The anal opening is hairless, moist, and closed tightly.  Perinanal area is free of redness, lumps, ulcers, lesions, and rashes.  No bulging of lesions appear when the patient performs the Valsalva maneuver.  Patient can close external sphincter around gloved finger.  Anus is smooth, nontender, and free of nodules and hardness. 

arms are equal in size, no swelling, pinkish skin tone, no clubbing of finger tips, warm bilaterally.  Capillary refill time less than 2 seconds, radial and brachial pulses strong bilaterally.  No epitroclear lymph nodes  palpated.  Legs are pink in color from toes bilaterally, normal distribution of hair, no ulcers or edema.  Legs are warm bilaterally.  Femoral, popliteal, dorsalis pedis, and  posterior tibial pulses strongly palpated bilaterally.  No apparent varicosities or superficial thrombophlebitis noted.

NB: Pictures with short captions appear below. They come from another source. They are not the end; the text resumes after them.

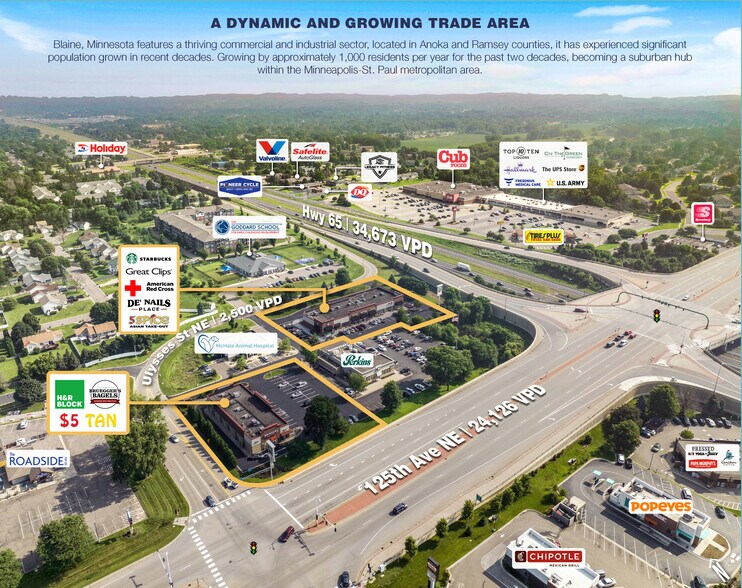 12525 NE Ulysses St, Blaine, MN à vendre - Photo de l’immeuble – Image 2 sur 13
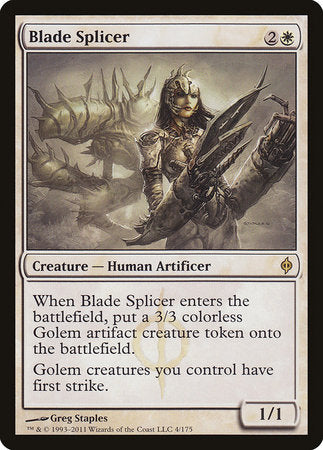 Blade Splicer [New Phyrexia] | Jomio and Rueliete's Cards and Comics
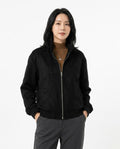 Heidi-Outlet - Elmon | Zip-Up Suede-Look Jacket Women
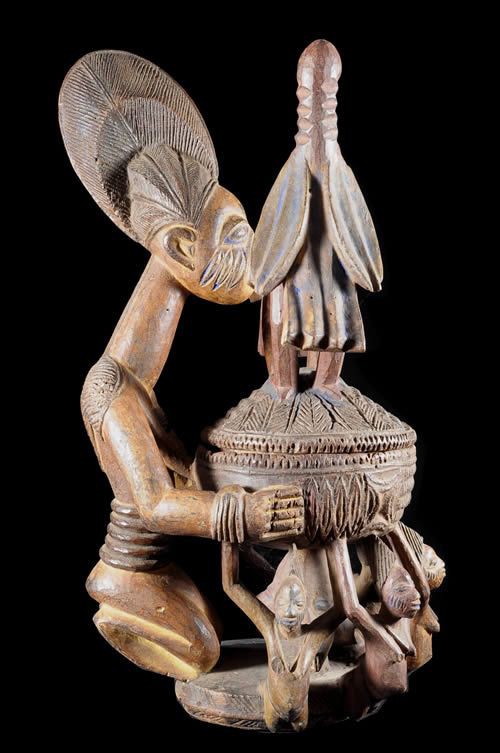 Porteuse de coupe - Yoruba - Nigeria - Style Olowe of Ise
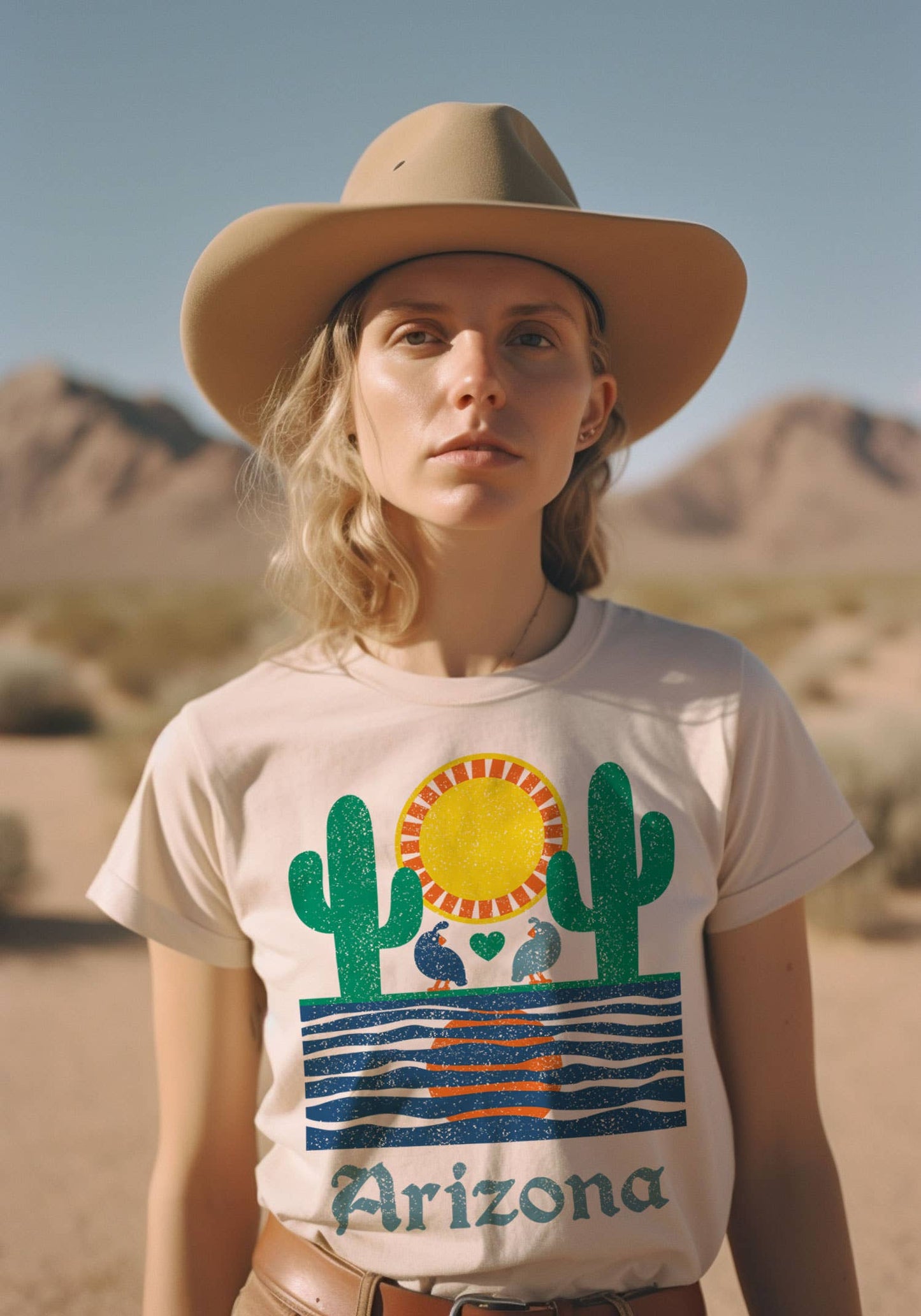 Kaeraz | Quail Mirage Arizona Tee Shirt, Arizona t-shirt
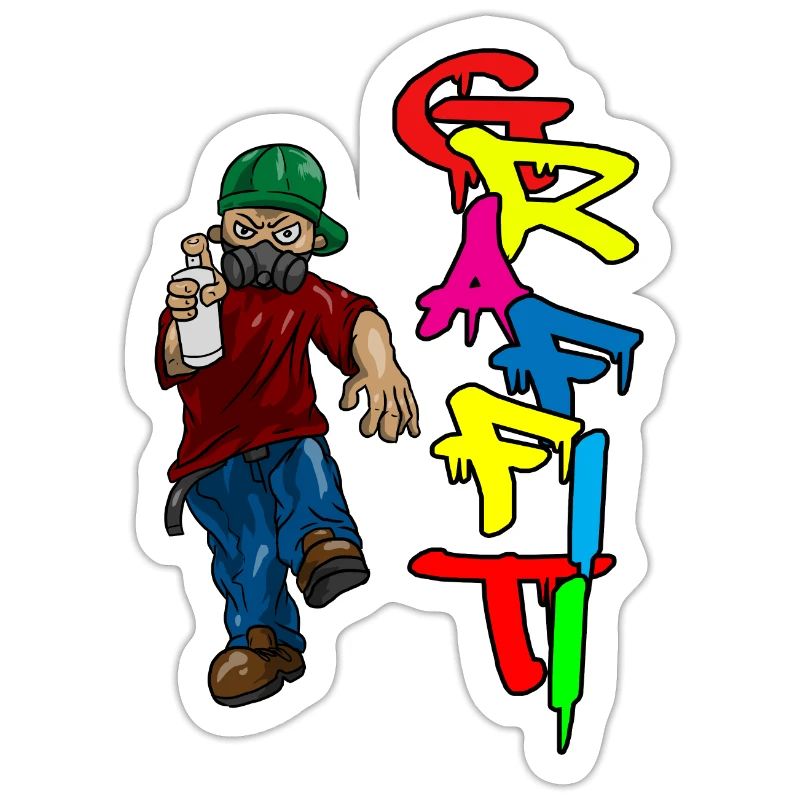 Graffiti Spray Doodle Draw Write Wall Surface Gift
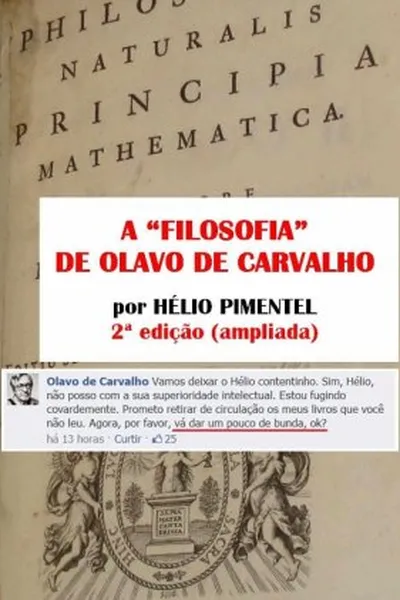 Cover of A "filosofia" de Olavo de Carvalho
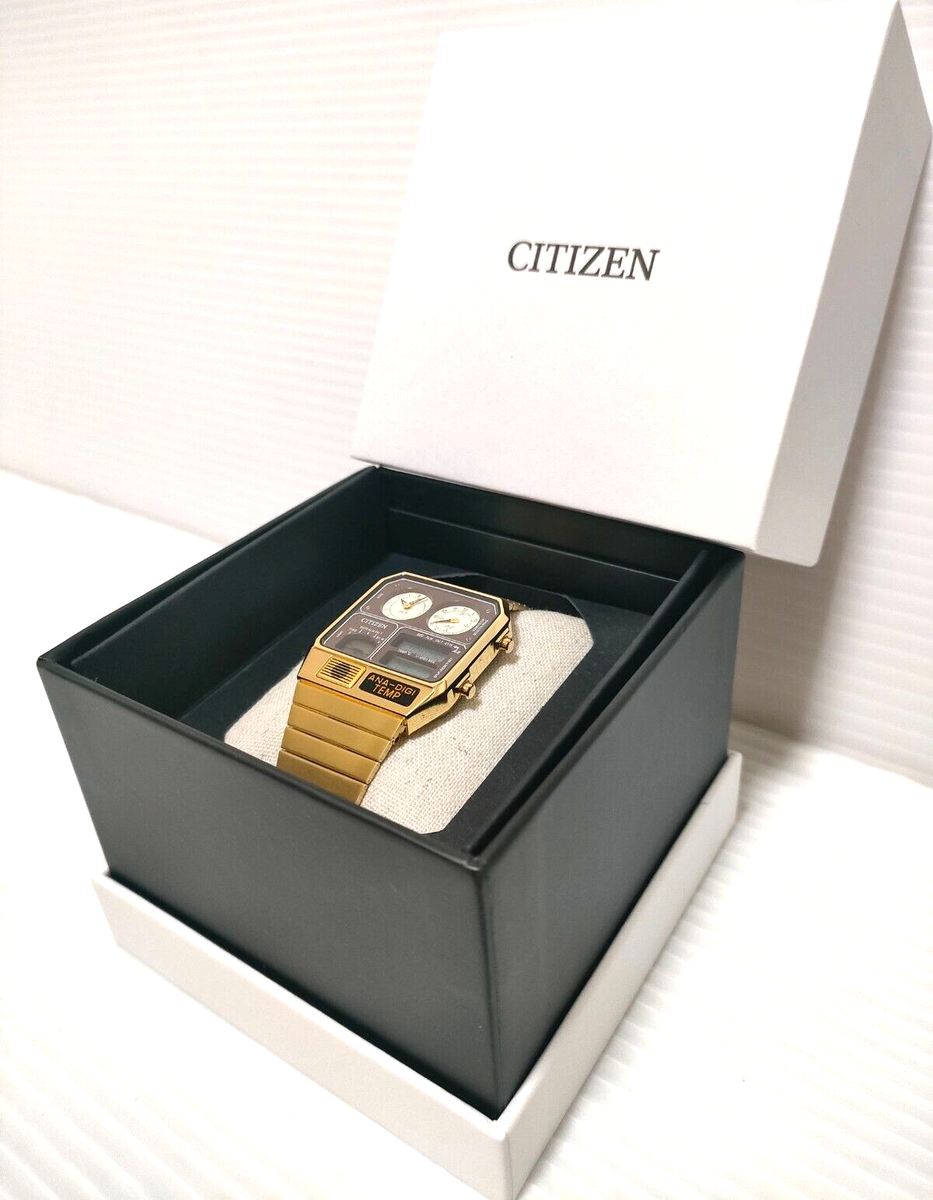 CITIZEN JG2103-72X ANA-DIGI TEMP Gold Men's Watch Authentic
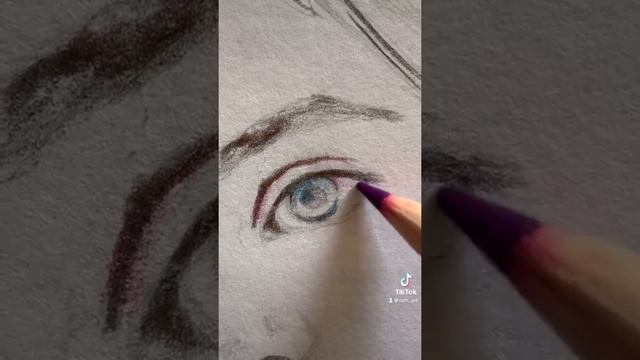 Портрет цветными карандашами. #рисунок #арт #art #draw #pencil смотреть онлайн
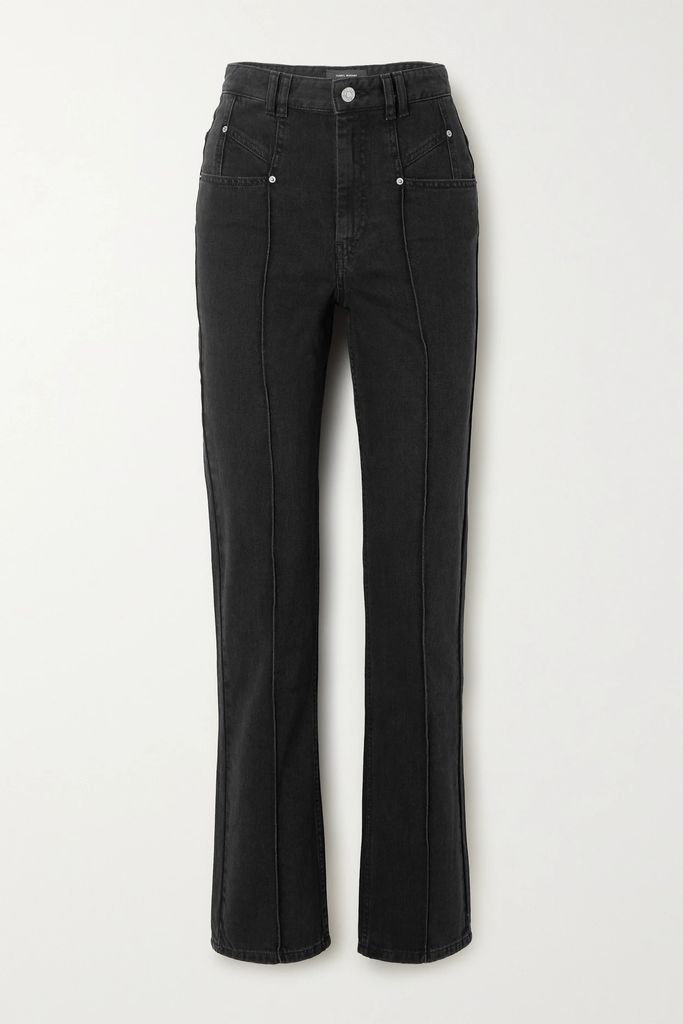 Nikora High-rise Straight-leg Jeans - Black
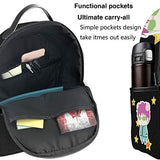 Saiki K Cute Illustration With Stars Student School Bag School Cycling Leisure Travel Camping Outdoor Backpack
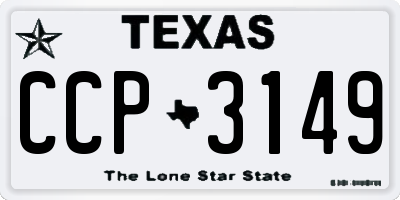 TX license plate CCP3149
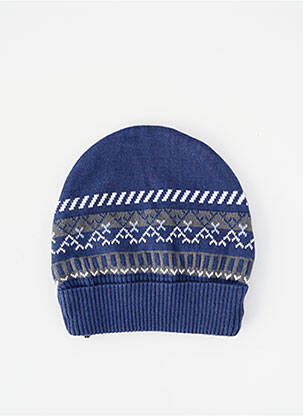Bonnet imprimé fantaisie bleu IKKS garçon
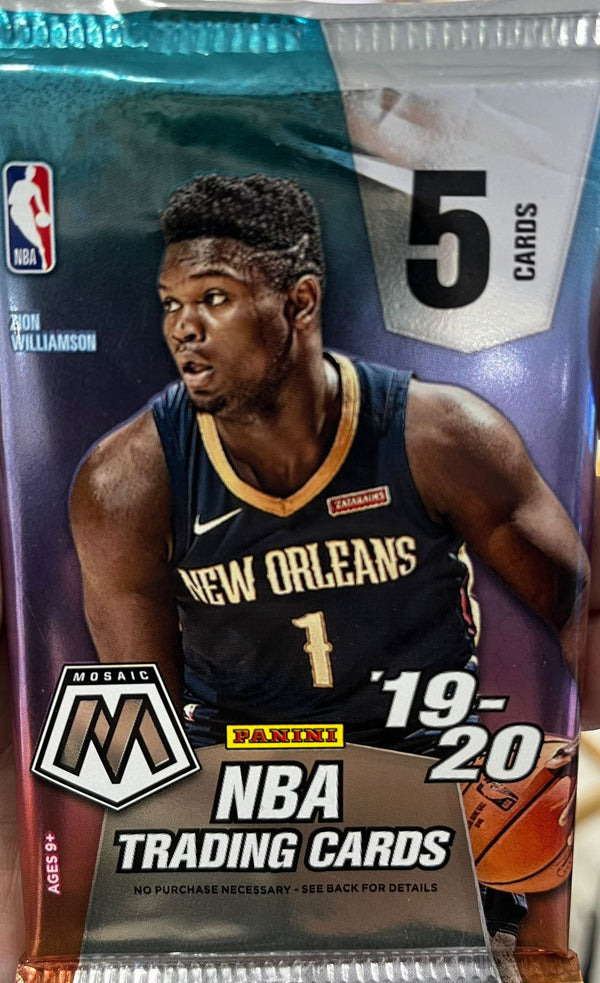 2019-20 Panini Mosaic Tmall Edition Basketball Hobby Pack - 皇巢卡店 Beehive Trading Card Shop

Gait smooth, with equal stride and good base of support.  Full ROM of TMJ with no pain, tenderness, clicking or crepitus.  Sternoclavicular joint midline with swelling or redness.  Normal curves of cervical, thoracic, and lumbar spine.  Paravertebrals nontender.  Full smooth ROM of cervical and lumbar spine.  Upper and lower extremities symmetric  without lesions,nodules, deformities,or swelling.  Full smooth ROM against gravity and resistance.

Cranial Nerves:
1. Identifies correct scents
2. Vision 20/20 OS, 20/20 OD, full visual fields
3,4,6 No ptosis, full extraocular movements (EOM)
    pupils equally round, react to light and   
    accommodation (PERRLA)
5. Temporal and masseter muscles contract                  

                   Bilaterally.  Able to identify light, sharp, dull
            touch to forehead, cheek, and chin.  Corneal
            reflex present.
        7. Able to smile, frown, wrinkle forehead, show
            teeth, puff out cheeks, purse lips, raise eye-
            brows, and close eyes against resistance.
        8. Wispered 2 syllable words heard bilaterally.
        9 and 10.  Uvula and soft palate rise symmetrically
           on phonation.  Gag reflex present.  Swallows
           without difficulty. 
        11. Equal shoulder shrug against resistance;
               turns head in both directions against
         12. Protrudes tongue in midline with no tremors,
               able to push tongue blade to right and left with
               no difficulty.

Motor and Cerebellar System

No atrophy, tremors, weakness, full ROM of all extremities.  No fasciculations, tics, or tremors.  Gait and tandem walk normal and steady.  Negative Romberg test.  Performs repetitive alternating movements, finger to nose at smooth, good pace. Runs each heel down each shin with no deviation.

Sensory System

Identifies light touch, dull and sharp sensations to trunk and extremities.  Vibratory sensation, stereognosis, graphesthesia, two-point descrimination intact.